◆ Dataset excerpt:
━━━
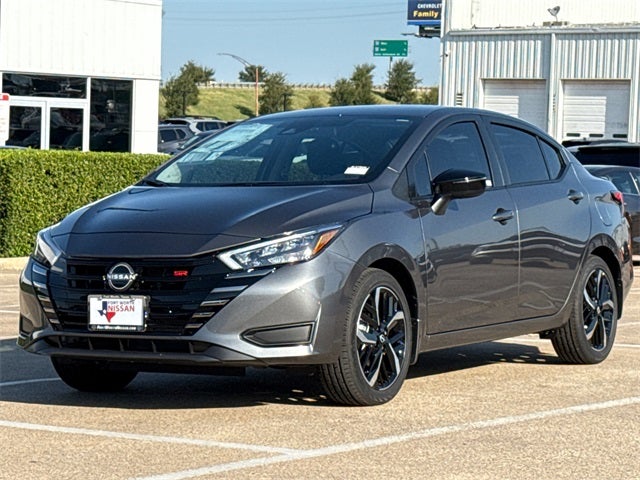 2025 Nissan Versa 1.6 SR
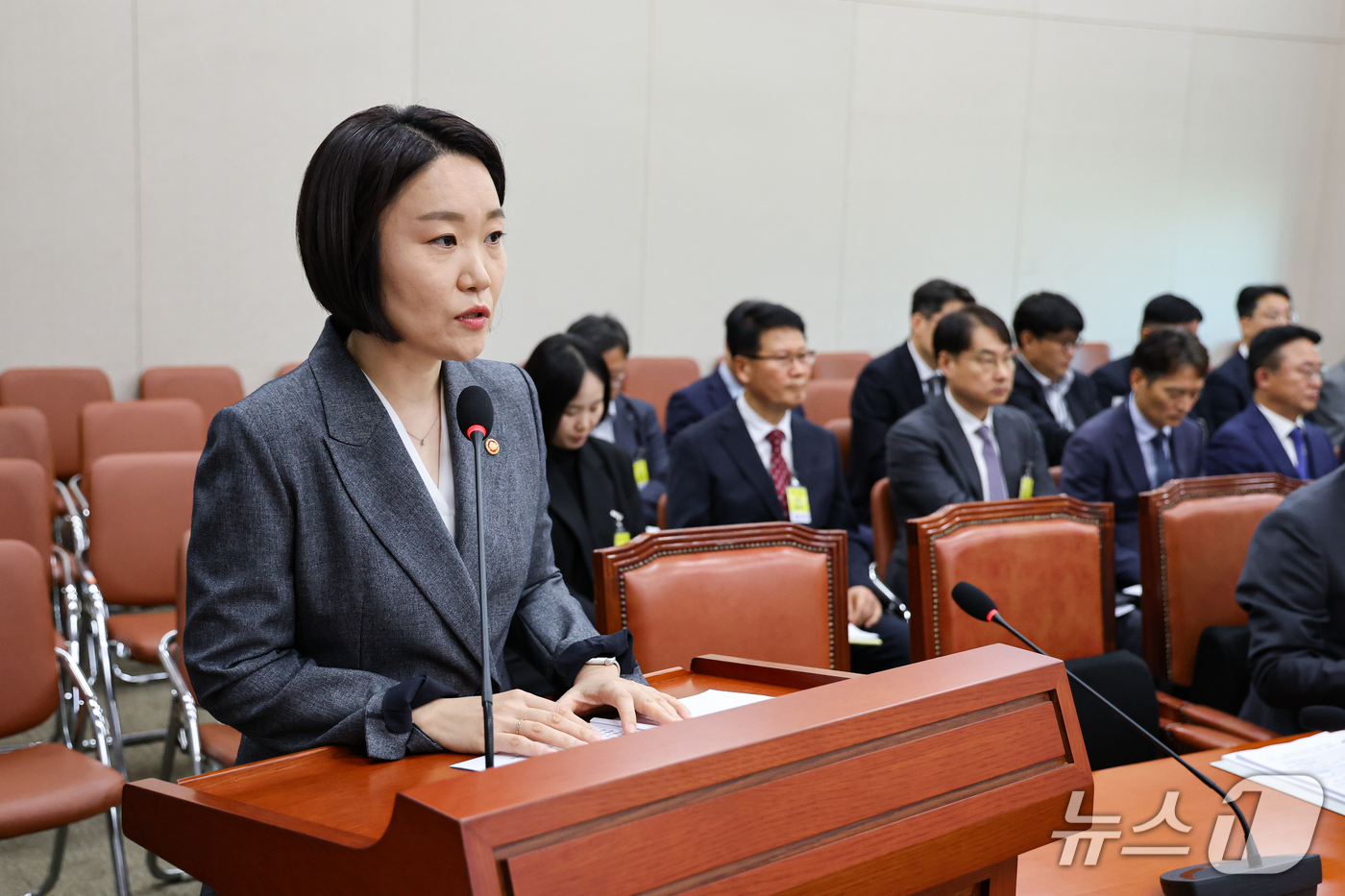 (서울=뉴스1) 김도우 기자 = 이소영 중소벤처기업부 장관이 7일 서울 여의도 국회에서 열린 산업통상자원중소벤처기업위원회 국정감사에 출석해 인사말 및 업무보고를 하고 있다. 202 …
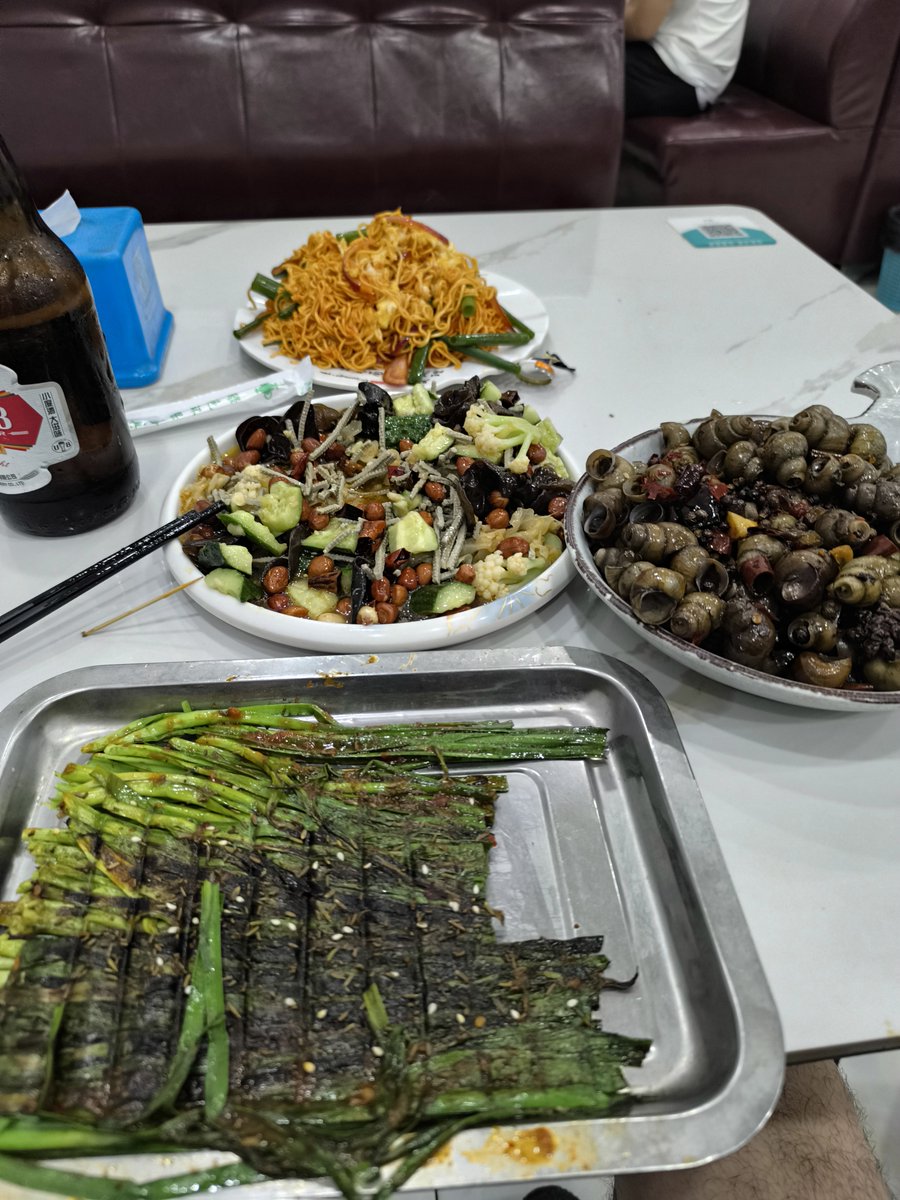 genkitai's tweet photo. 店名が楽しすぎて、ふらっと飛び込んだ居酒屋「田螺王」。この度唯一の飲食店チョイスミス…。塩辛いのと爆盛りなのとで半分も食べきれなかった。 https://t.co/lOfwoUijmf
━━━
◆ Try it: What is needed is the data above, retyped exactly, with every picture left out.

◆ Answer for this exercise:
 2025 Nissan Versa 1.6 SR
 (서울=뉴스1) 김도우 기자 = 이소영 중소벤처기업부 장관이 7일 서울 여의도 국회에서 열린 산업통상자원중소벤처기업위원회 국정감사에 출석해 인사말 및 업무보고를 하고 있다. 202 …
 genkitai's tweet photo. 店名が楽しすぎて、ふらっと飛び込んだ居酒屋「田螺王」。この度唯一の飲食店チョイスミス…。塩辛いのと爆盛りなのとで半分も食べきれなかった。 https://t.co/lOfwoUijmf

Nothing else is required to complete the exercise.